YOUR INSTRUCTIONS :: The response should contain all of the data below, reproduced exactly, and no pictures.

-- INFORMATION SHOWN follows --

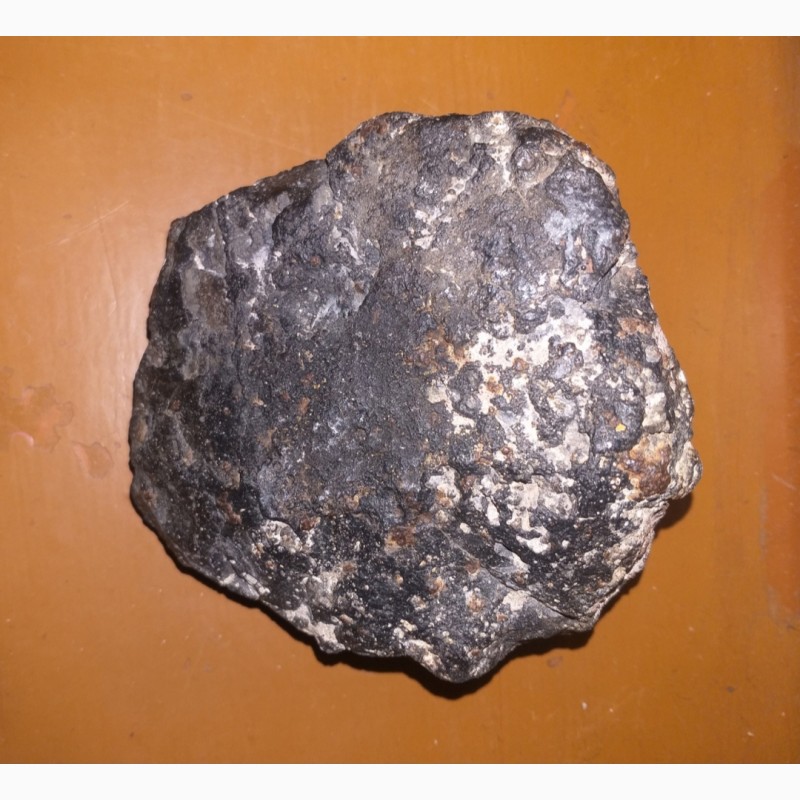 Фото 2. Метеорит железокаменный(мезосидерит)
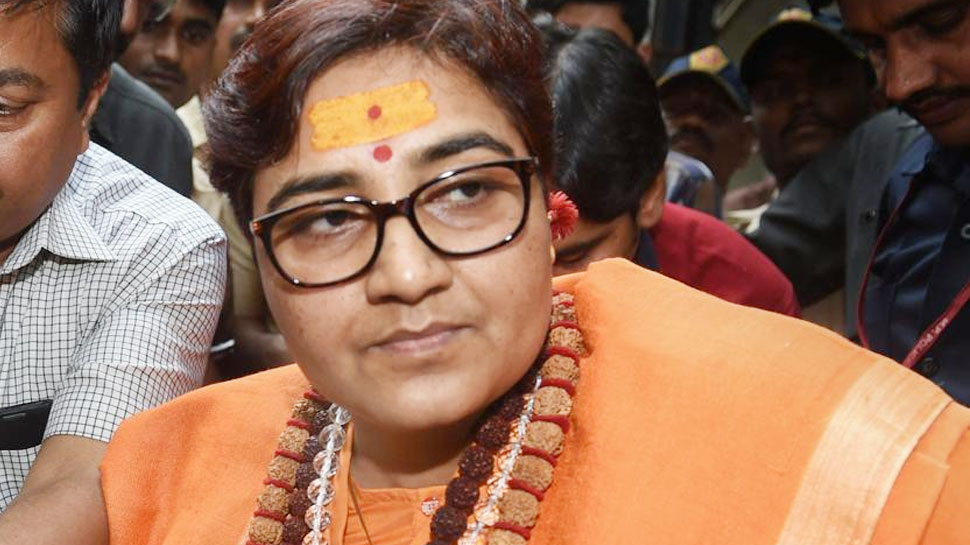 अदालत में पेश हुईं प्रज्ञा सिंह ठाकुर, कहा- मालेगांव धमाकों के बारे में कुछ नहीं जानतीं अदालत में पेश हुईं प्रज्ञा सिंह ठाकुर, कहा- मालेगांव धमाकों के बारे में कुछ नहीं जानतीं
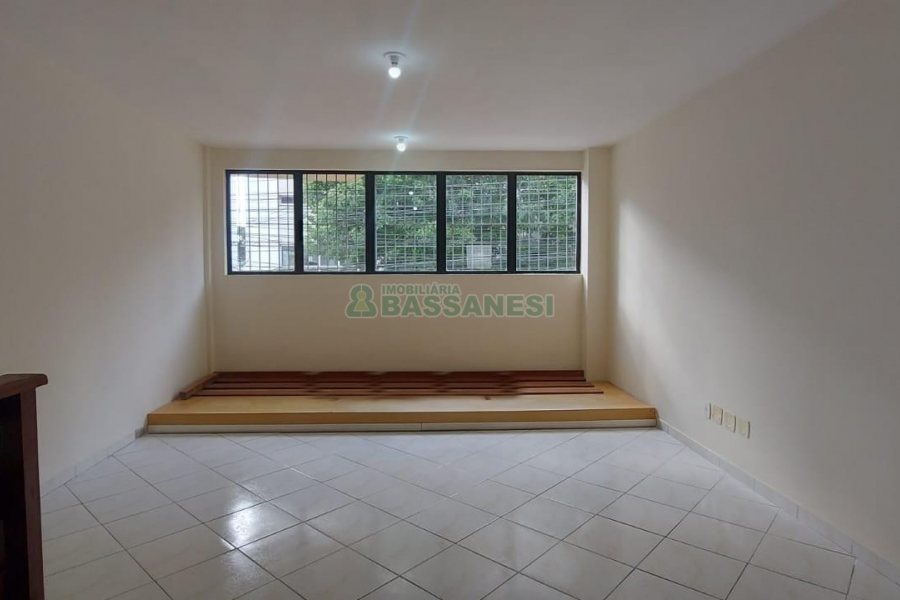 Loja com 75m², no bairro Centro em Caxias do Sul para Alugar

-- INFORMATION SHOWN concluded --

EXERCISE RESPONSE ::
 Фото 2. Метеорит железокаменный(мезосидерит)
 अदालत में पेश हुईं प्रज्ञा सिंह ठाकुर, कहा- मालेगांव धमाकों के बारे में कुछ नहीं जानतीं अदालत में पेश हुईं प्रज्ञा सिंह ठाकुर, कहा- मालेगांव धमाकों के बारे में कुछ नहीं जानतीं
 Loja com 75m², no bairro Centro em Caxias do Sul para Alugar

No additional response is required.